I am also thinking that perhaps the wait time between starts while I went upstairs to get the manual could have dried up any excess gas which allowed it to start in the end.


----------



## ELaw (Feb 4, 2015)

Snowzer said:


> If I smell gasoline does that necessarily mean I have flooded the carb?


Absolutely not! I keep mine in a heated (somewhat) garage too, and usually prime twice for a cold start. Smelling a little gas or seeing a small amount drip out of the carb after priming is commonplace and not necessarily a problem. If the smell is making you gag or there's a puddle of gas under the engine, that could be a different story.



Snowzer said:


> 2) Does anyone understand why Models 921032 and 921044 (Only) require the throttle control to be set to run before starting?


I sure don't!

I haven't paid much attention to the starting instructions but did notice in the manual for my ST1032 that it calls for the throttle to be in different positions during storage depending on model - they say it reduces the risk of the linkage freezing. On some models you're supposed to store it at idle position, on others in the "fast" position. Very strange.

On mine I generally try to start it with the speed control advanced just enough to open the throttle (meaning the throttle plate on the carb) about 1/3. I figure that will bring the governor into play to keep it from stalling, but with as low an RPM as possible so some oil can get around the motor before putting it under a high load.


----------



## Zedhead (Jan 1, 2016)

I can usually get away with 1-2 pushes of the primer when the engine is warm


----------



## Town (Jan 31, 2015)

The LCT manual that came with my machine says to use full throttle (run position) and full choke and 3 primes maximum for starting. That works fine for me in the cold. When the engine has run for a while and stopped for a short time it needs some choke to fire-up. 

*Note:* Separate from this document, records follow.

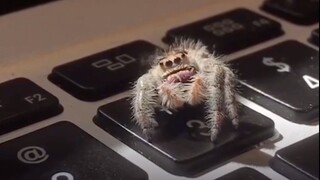In reality, Lucas the Spider can not only kill with his head tilted, but also give his master a high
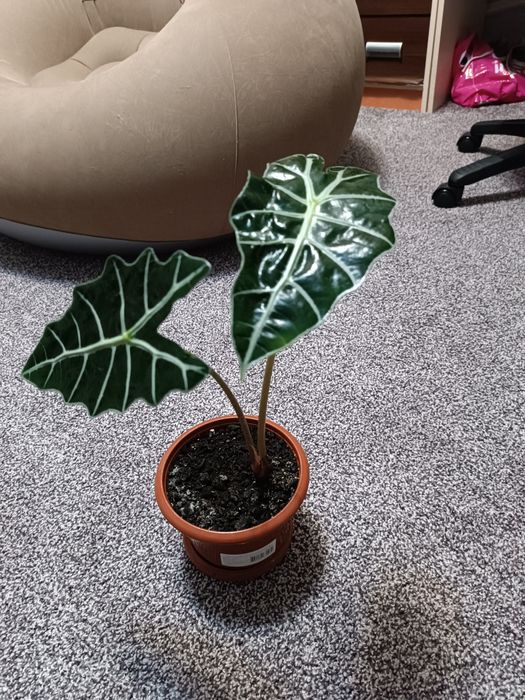 Продам алоказію Полли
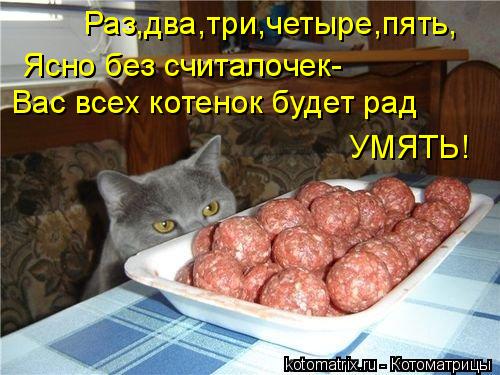Раз,два,три,четыре,пять, Ясно без считалочек- Вас всех котенок будет рад УМЯТЬ!... Котоматрица: Раз,два,три,четыре,пять, Ясно без считалочек- Вас всех котенок будет рад УМЯТЬ!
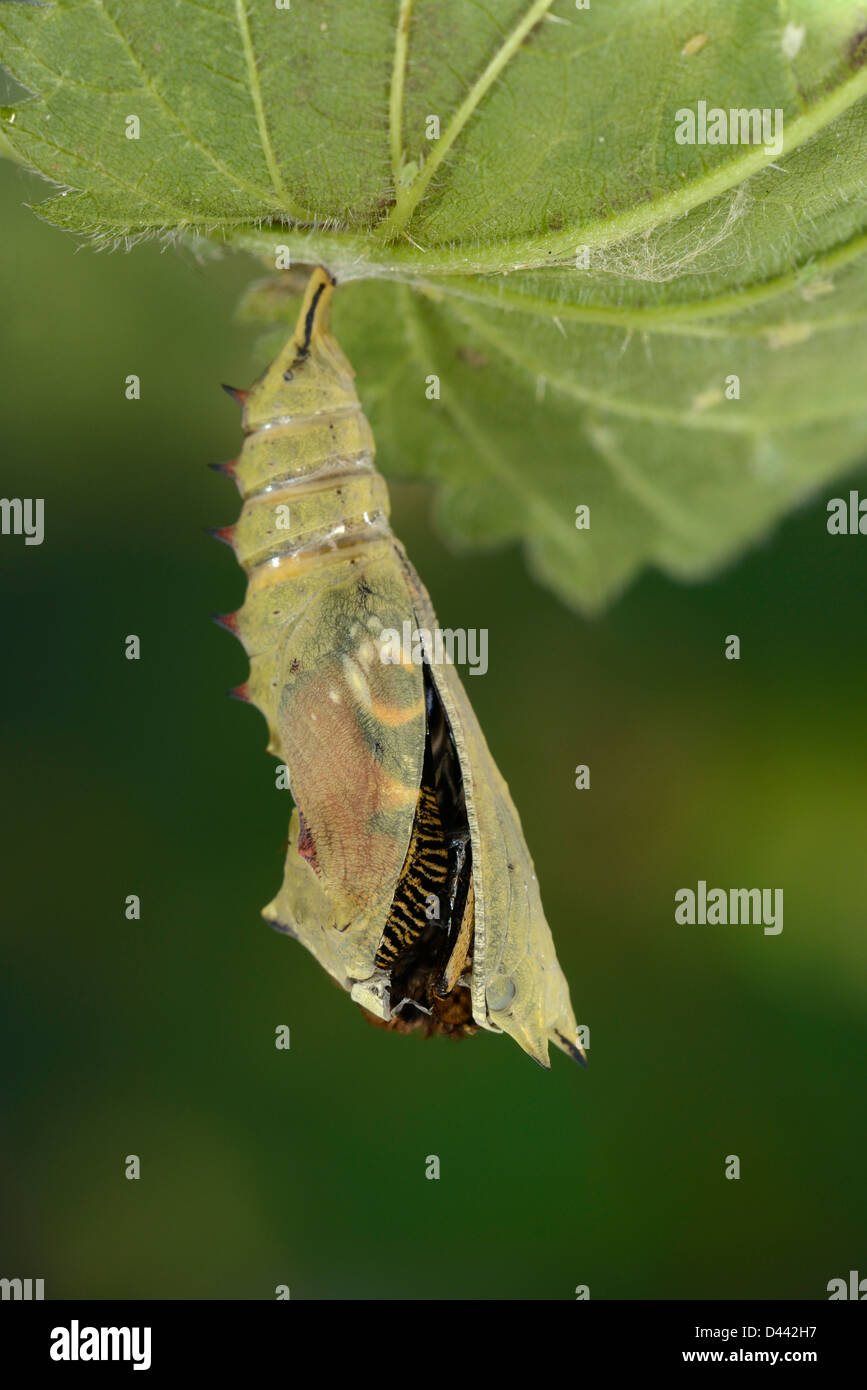 European Peacock Butterfly (Inachis io) emerging from its pupa, Oxfordshire, England, October Stock Photo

The current 921024 is a 254cc engine while the 921032 and 921044 use the 306cc engine. The Ariens owner manual for these current models says that the 921032 and 921044 have a grey throttle control ring on the outside of the red choke control while the 921024 only has the choke and does not have the throttle control. So the 921024 is set to full throttle all the time. 

So you just don't have an adjustable throttle control, your engine is always set to full throttle. That's all you need anyway.

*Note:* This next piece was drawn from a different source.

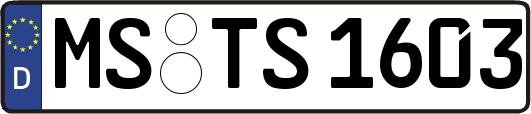 MS-TS1603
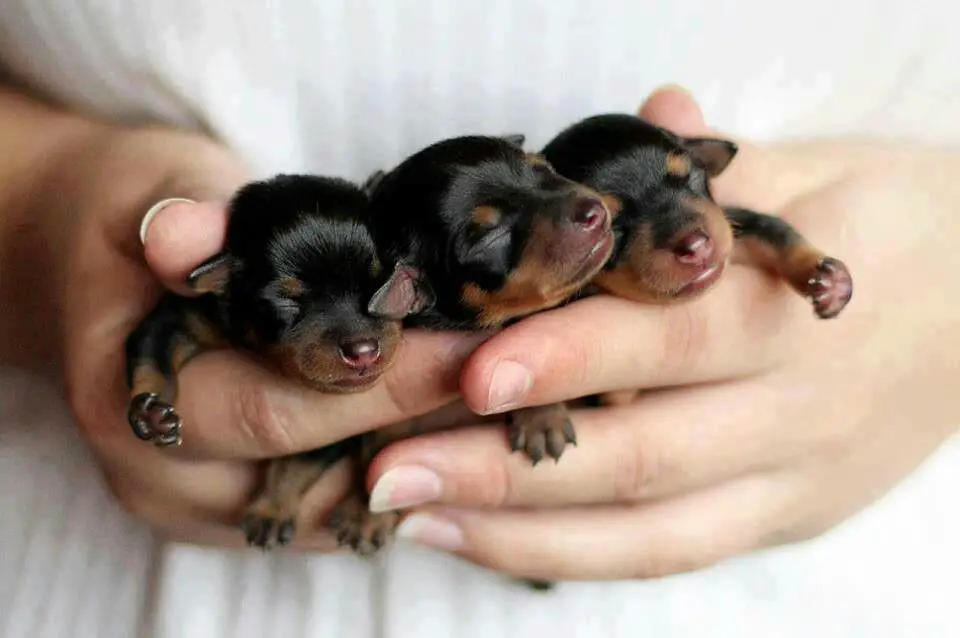 How to take care of new born Rottweiler Puppies after birth?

Hope this helps and good luck.


----------



## Snowzer (Oct 14, 2015)

Town said:


> The LCT manual that came with my machine says to use full throttle (run position) and full choke and 3 primes maximum for starting. That works fine for me in the cold. When the engine has run for a while and stopped for a short time it needs some choke to fire-up.
> 
> The current 921024 is a 254cc engine while the 921032 and 921044 use the 306cc engine. The Ariens owner manual for these current models says that the 921032 and 921044 have a grey throttle control ring on the outside of the red choke control while the 921024 only has the choke and does not have the throttle control. So the 921024 is set to full throttle all the time.
> 
> ...


I do have the throttle control ring on the outside of the choke control.


----------



## LET-UT (Jan 5, 2016)

I've got the 254cc engine on my 28" Deluxe and always hit the primer bulb 3 times when first starting it up. In my opinion, (which is highly suspect...), "Cold Start" isn't referring to the temperature of your storage, as much as "has the engine been running in the last 15 minutes?"


----------



## GoBlowSnow (Sep 4, 2015)

Exactly. I always have to hit the primer once or twice and add a little choke when re-starting the engine after it has been off for a few minutes. I don't like the choke & engine speed knobs being on top of one another but it is what it is.


----------